» What you will do: Exercise in exact copying: restate word for word only the lines below from the one containing "Vista 7 de Luces" through the one containing "Basketball Jouw naam", omitting any pictures.

» The input:

# # # # # # #

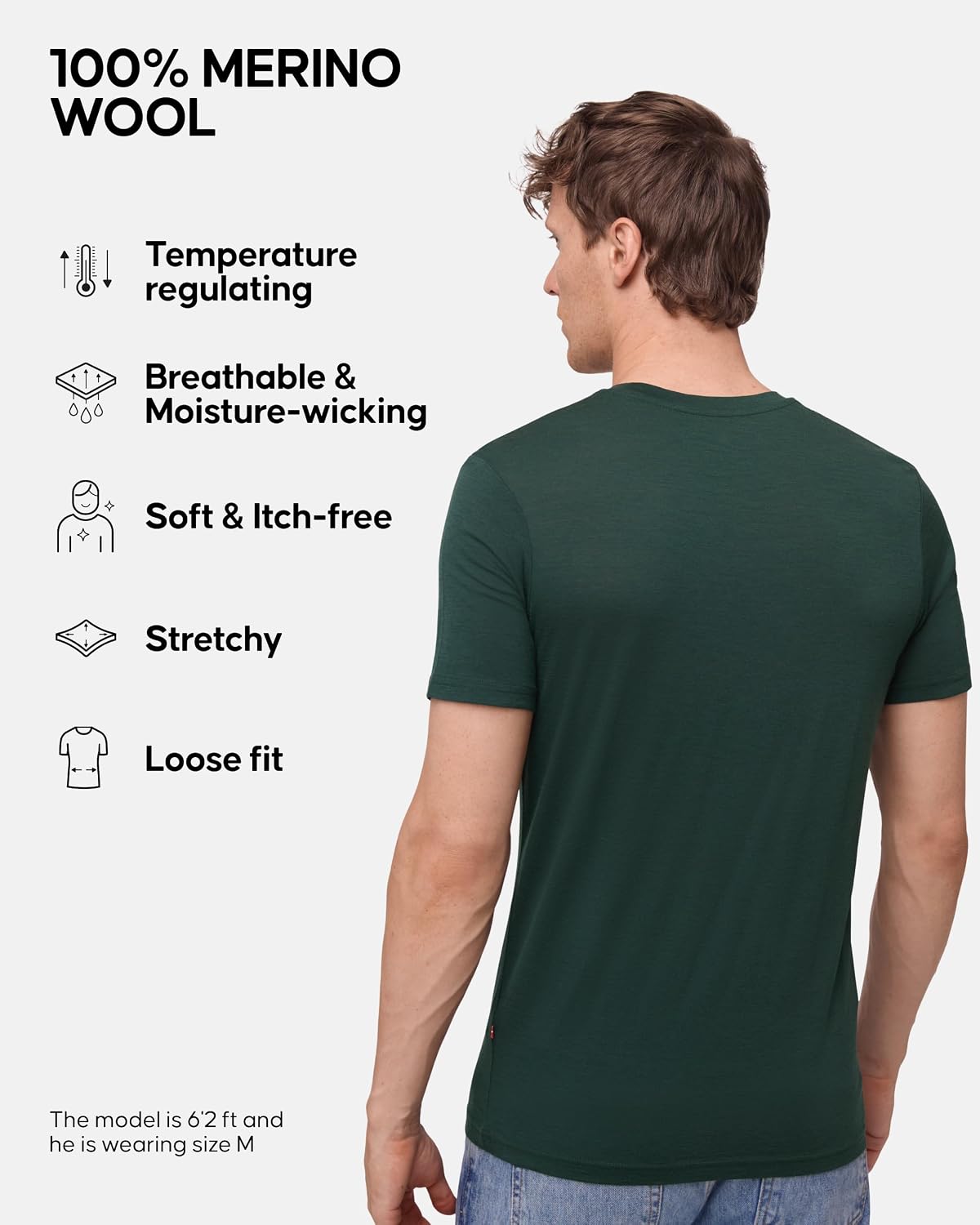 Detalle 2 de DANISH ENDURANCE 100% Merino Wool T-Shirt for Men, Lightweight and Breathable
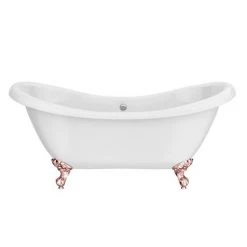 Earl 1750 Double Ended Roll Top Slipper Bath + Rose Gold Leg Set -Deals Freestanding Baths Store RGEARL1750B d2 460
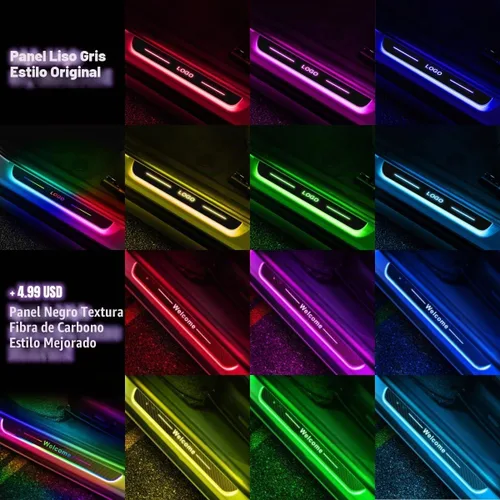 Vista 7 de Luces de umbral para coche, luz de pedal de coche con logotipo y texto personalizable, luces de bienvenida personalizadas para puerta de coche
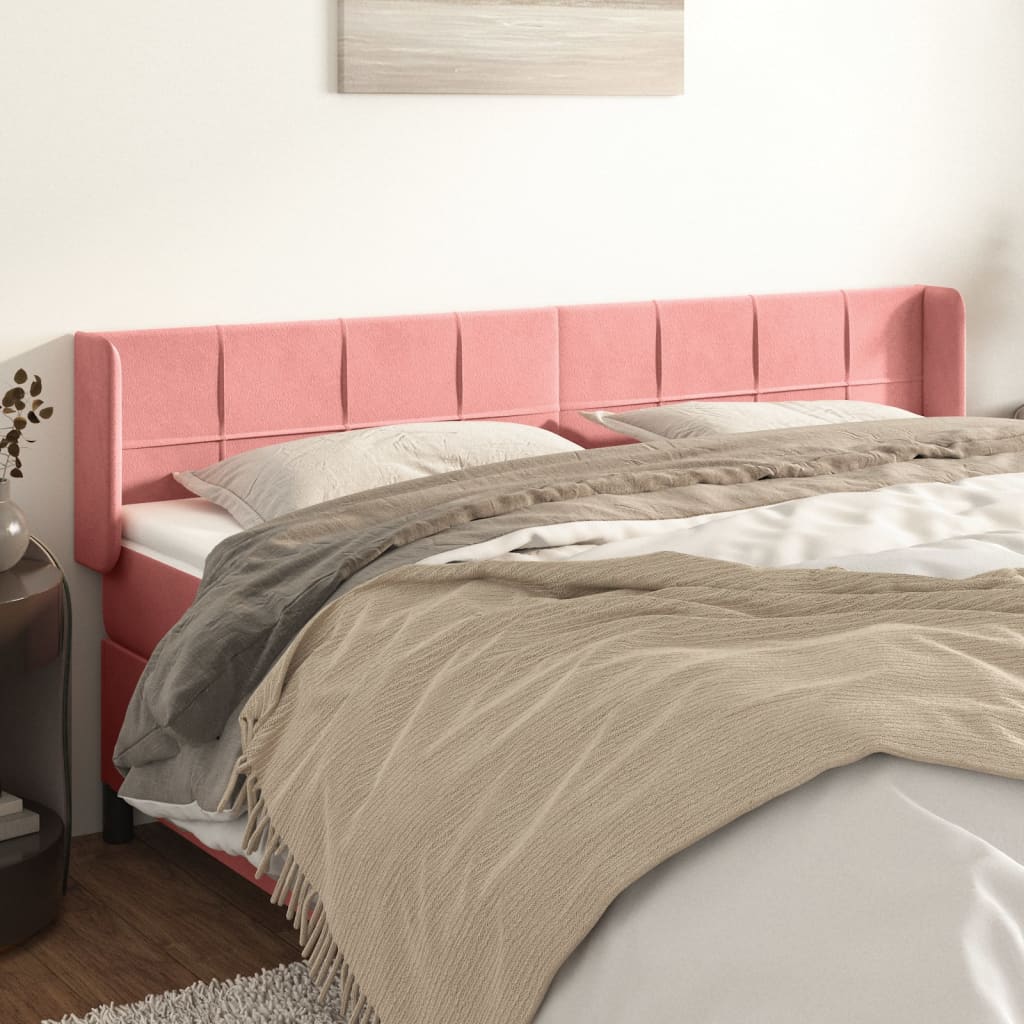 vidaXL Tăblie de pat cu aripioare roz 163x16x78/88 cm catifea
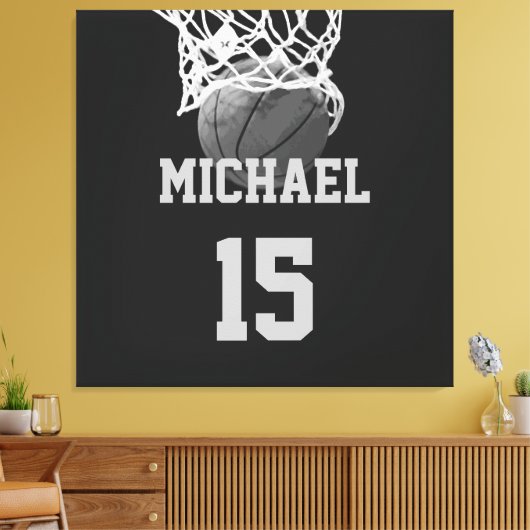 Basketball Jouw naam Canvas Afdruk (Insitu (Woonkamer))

# # # # # # #

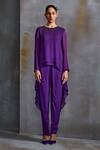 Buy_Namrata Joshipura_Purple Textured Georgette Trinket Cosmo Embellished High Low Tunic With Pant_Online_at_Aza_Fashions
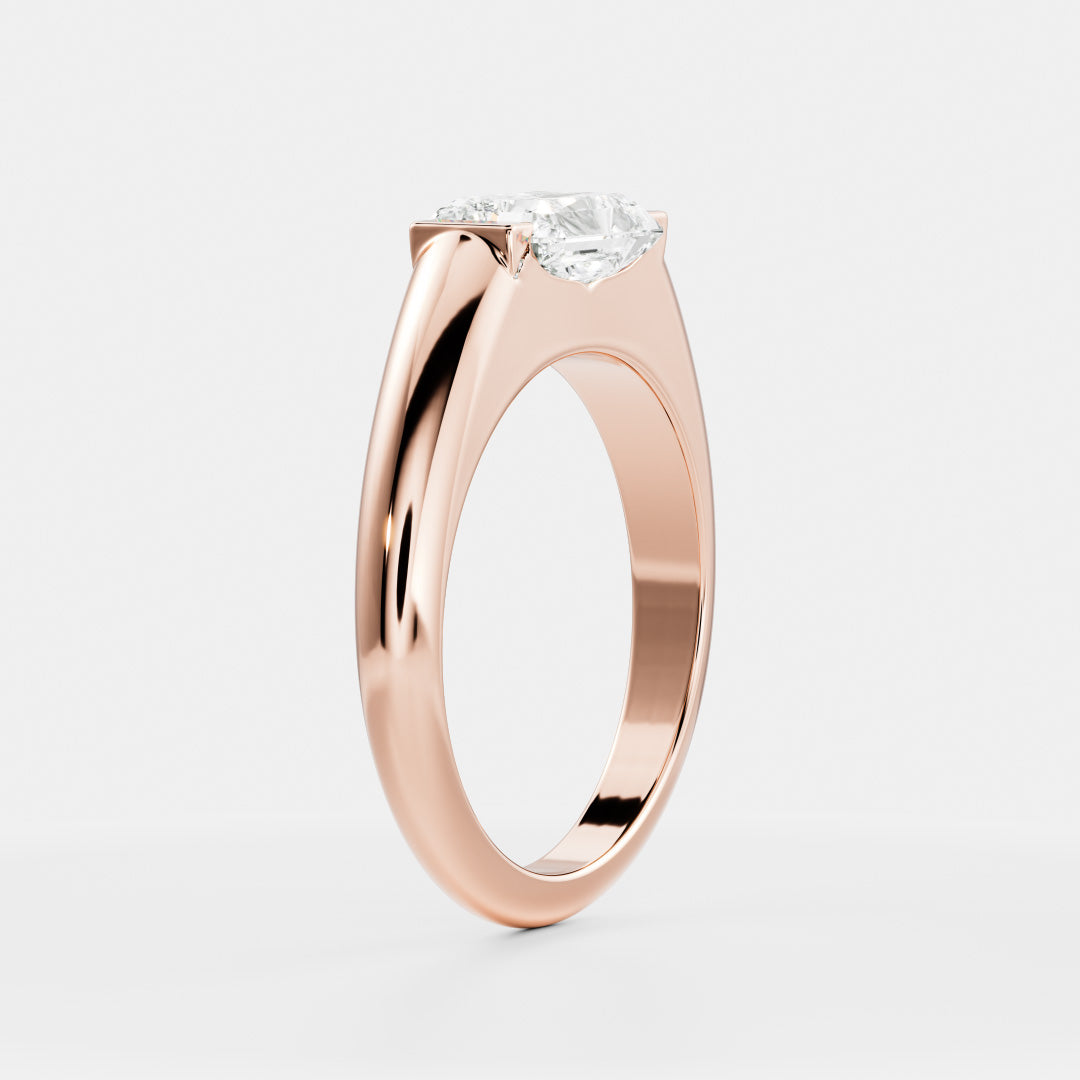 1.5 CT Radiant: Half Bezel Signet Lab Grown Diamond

# # # # # # #

» Reply to the task:
 Vista 7 de Luces de umbral para coche, luz de pedal de coche con logotipo y texto personalizable, luces de bienvenida personalizadas para puerta de coche
 vidaXL Tăblie de pat cu aripioare roz 163x16x78/88 cm catifea
 Basketball Jouw naam Canvas Afdruk (Insitu (Woonkamer))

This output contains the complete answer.